This is my tenth A to Z Challenge. My first was in 2013, but I missed 2021. This April I am going through the alphabet using snippets about my family through the generations. In a few cases I took an old post and updated it with new information.
Christmas Trip From Mississippi to St. Louis – 1975
We moved to Simpson County, Mississippi in November of 1975. Jim was in charge of the Emergency Land Fund’s Model farm. Our daughter Jilo was 5 and Ife was 2.5. I was 29 and six months pregnant with our third daughter Ayanna. Jim was just about to turn 31. This was before we had goats, chickens or rabbits. The greenhouses weren’t in production. I remember several of the farmers Jim worked with gave him gifts of money for Christmas.
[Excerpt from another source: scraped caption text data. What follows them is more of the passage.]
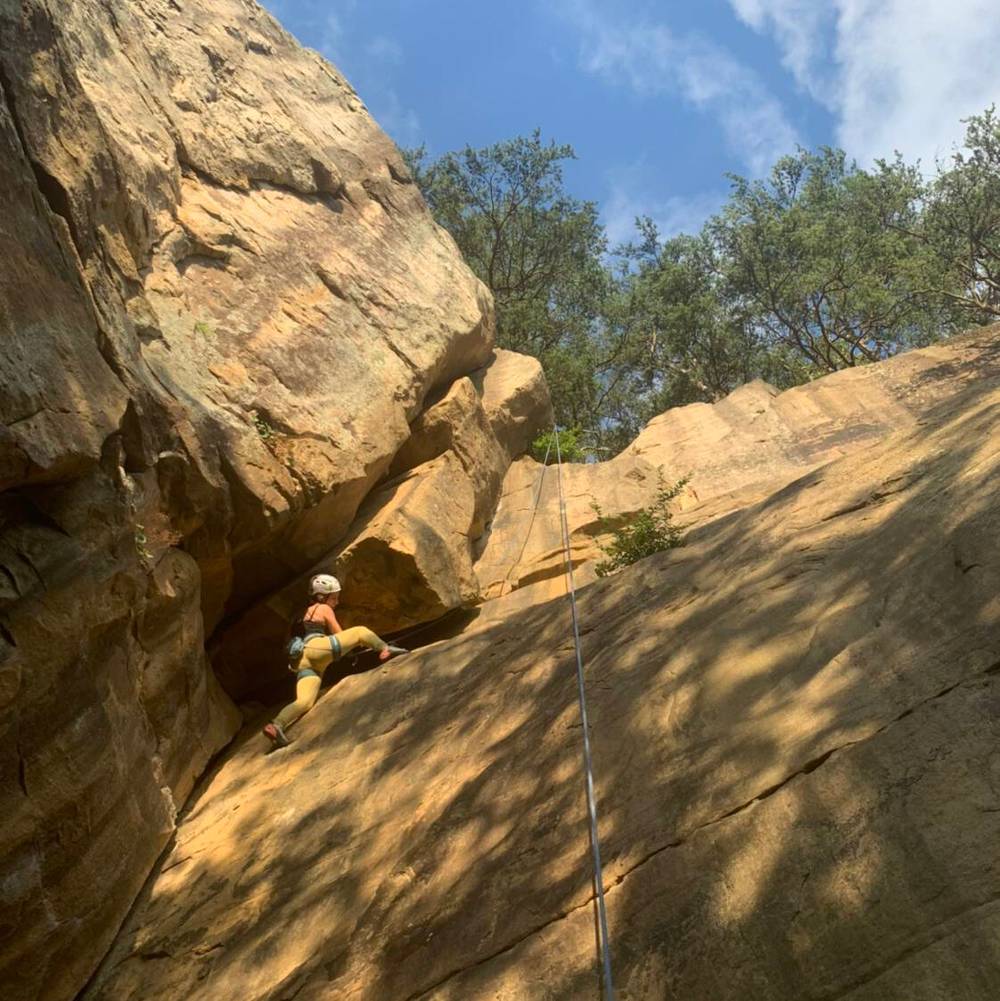 Left Crack Right Crack 5.9, Lookout Mountain - Beta Video from okadaarin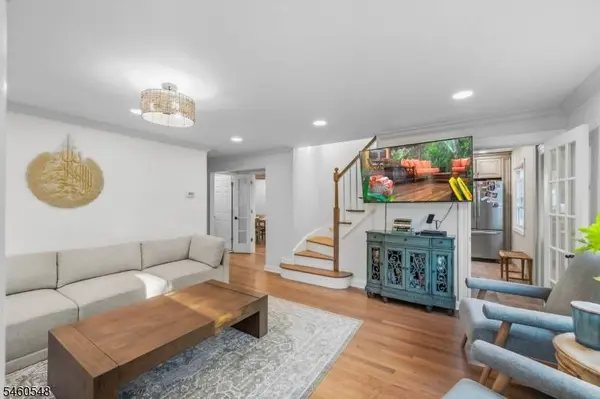 32 New St, Wayne Twp., NJ 07470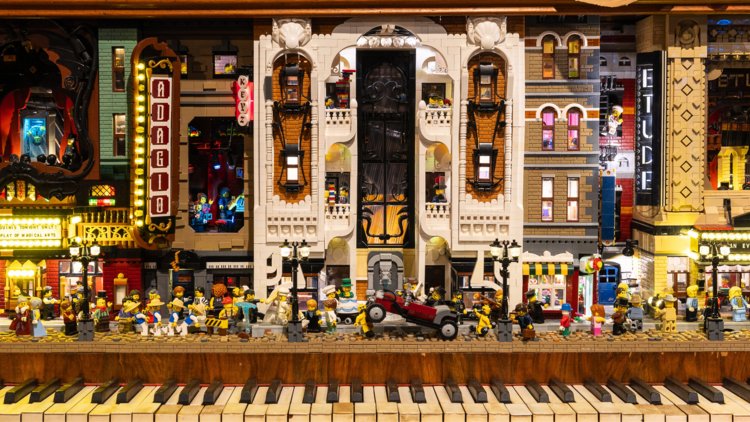 Relics: A New World Rises - exhibition view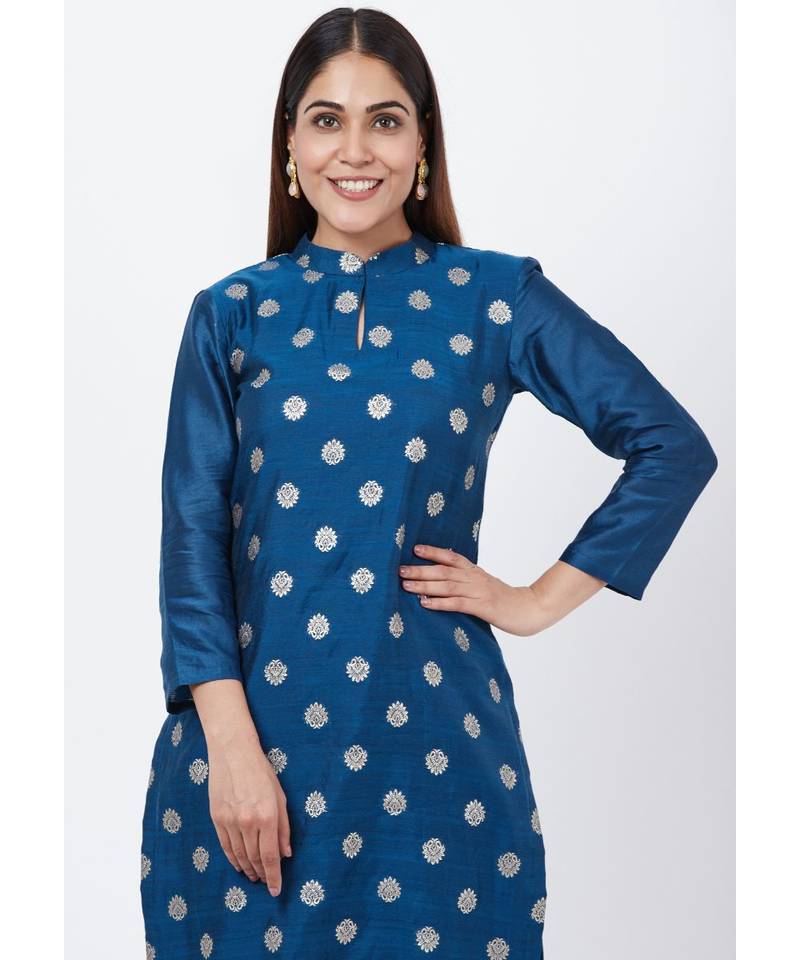 Blue Chanderi Thread Embroidered Kurti with Straight Pants
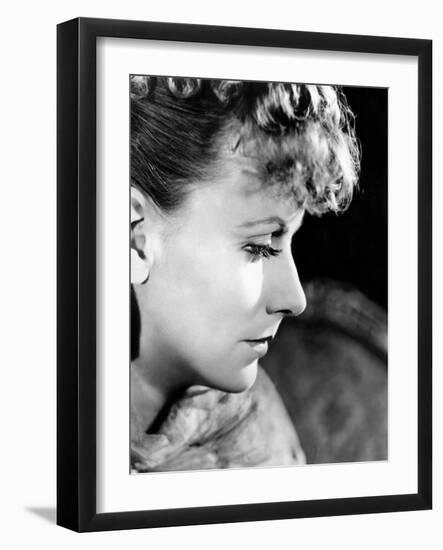 Anna Karenina by Clarence Brown, based on a novel by Leo Tolstoi, with Greta Garbo, 1935 (b/w photo-null-Framed Photo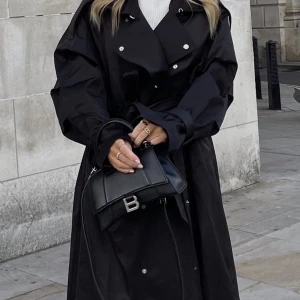 Svart trenchcoat  - Jättesnygg och cool svart trenchcoat, knappt använd! Nypris 999kr!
It didn’t amount to more than $30 total but it paid for all the gas we used.
We decided to drive up to share the holidays with Jim’s family in Rock Hill, MO. They lived at #1 Inglewood Court, right outside of St. Louis. 17 year old Micheal, 15 year old Monette and 12 year old Debbie were living at home.
We made the 8 hour trip in the little gray Volkswagen bug that came with the job. We took food to eat on the way, left early and drove straight through. I don’t remember anything specific about driving up. As I recall we got to St. Louis before dark. Jim’s parents gave us their bedroom. They were always so nice about that. Jim and the kids and I shared the pushed together twin beds. There weren’t presents for us but Jim’s mother looked around and came up with some. I don’t remember what she gave Jilo and Ife but she gave me two copper vases and Jim two glass paperweights. I don’t remember what we took as gifts.
I remember going to see Jim’s brother, Harold at one of his jobs. He had several, just like his father always did. We also stopped by his studio where he made plaster knick knacks. Or was it cement bird baths? Or both? There was a Salvation Army or Goodwill store nearby and we stopped and I got some shirts for the kids and a dress that Ife wanted. Mostly we stayed around the house and visited.We stayed until New Years Eve and left in the evening. There is never enough food or time to prepare it for the return trip. We stopped at Howard Johnson’s somewhere on the way home and I remember getting fried oysters. It was cold and dark and clear. There were stars. And there are always trucks. We listened to the radio and talked and maybe sang some. The kids eventually fell asleep in the backseat and we welcomed the New Year driving through the night.